In his latest fire-breathing Special Comment Keith tears into President Bush for firing a true patriot that spoke out against torture, while cowardly and simultaneously ordering others to commit the very same heinous crime.

video_wmv Download | Play video_mov Download | Play (thanks to Logan for his help)

No matter how thorough you might try to brand disagreement as disloyalty, Mr Bush, there are still people like Daniel Levin who believe in the United States of America as true freedom, where we are better not because of schemes and wars, but because of dreams and morals. And ultimately, sir, these men, these patriots will defeat you and they will return this country to its righteous standards, and to its rightful owners: The People.

Transcript below the fold…

Finally tonight, as promised, a Special Comment on the meaning of the story of former U.S. Acting Assistant Attorney General Daniel Levin.

It is a fact startling in its cynical simplicity and it requires cynical and simple words to be properly expressed:

The presidency of George W. Bush has now devolved into a criminal conspiracy to cover the ass of George W. Bush.

All the petulancy, all the childish threats, all the blank-stare stupidity;

All the invocations of World War Three, all the sophistic questions about which terrorist attacks we wanted him not to stop, all the phony secrets; all the claims of executive privilege, all the stumbling tap-dancing of his nominees, all the verbal flatulence of his apologists…

All of it is now — after one revelation last week — transparently clear for what it is: the pathetic and desperate manipulation of the government, the re-focusing of our entire nation, towards keeping this mock president, and this unstable vice president, and this departed wildly self-over-rating Attorney General — and the others — from potential prosecution for having approved or ordered the illegal torture of prisoners being held in the name of this country.

“Waterboarding is torture,” Daniel Levin was to write.

Daniel Levin was no theorist and no protestor.

He was no troublemaking politician.

He was no table-pounding commentator.

Daniel Levin was an astonishingly patriotic American, and a brave man.

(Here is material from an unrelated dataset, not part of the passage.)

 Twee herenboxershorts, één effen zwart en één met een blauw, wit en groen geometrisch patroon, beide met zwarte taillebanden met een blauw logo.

Brave not just with words or with stances — even in a dark time when that kind of bravery can usually be scared — or bought — off.

Charged — as you heard in the story from ABC News last Friday — with assessing the relative legality of the various nightmares in the Pandora’s box that is the Orwell-worthy euphemism “Enhanced Interrogation,” Mr. Levin decided that the simplest, and the most honest, way to evaluate them… was to have them enacted upon himself.

Daniel Levin took himself to a military base and let himself be water-boarded.

Mr. Bush — ever done anything that personally courageous?

Perhaps when you’ve gone to Walter Reed and teared up over the maimed servicemen? And then gone back to the White House and determined that there would be more maimed servicemen?

Has it been that kind of personal courage, Mr. Bush, when you’ve spoken of American victims and the triumph of freedom and the sacrifice of your own popularity for the sake of our safety? And then permitted others to fire or discredit or destroy anybody who disagreed with you — whether they were your own Generals, or… Max Cleland, or… Joe Wilson and Valerie Plame… or Daniel Levin?

Daniel Levin should have a statue in his honor in Washington right now.

Instead, he was forced out as Acting Assistant Attorney General, nearly three years ago, because he had the guts to do what George Bush couldn’t do in a million years: actually put himself at risk for the sake of his country, for the sake of what is right.

And they water-boarded him and he wrote that even though he knew those doing it meant him no harm, and he knew they would rescue him at the instant of the slightest distress, and he knew he would not die — still, with all that reassurance, he could not stop the terror screaming from inside of him, could not quell the horror, could not convince that which is at the core of each of us — the entity who exists behind all the embellishments we strap to ourselves, like purpose and name and family and love — he could not convince his being… that he wasn’t drowning.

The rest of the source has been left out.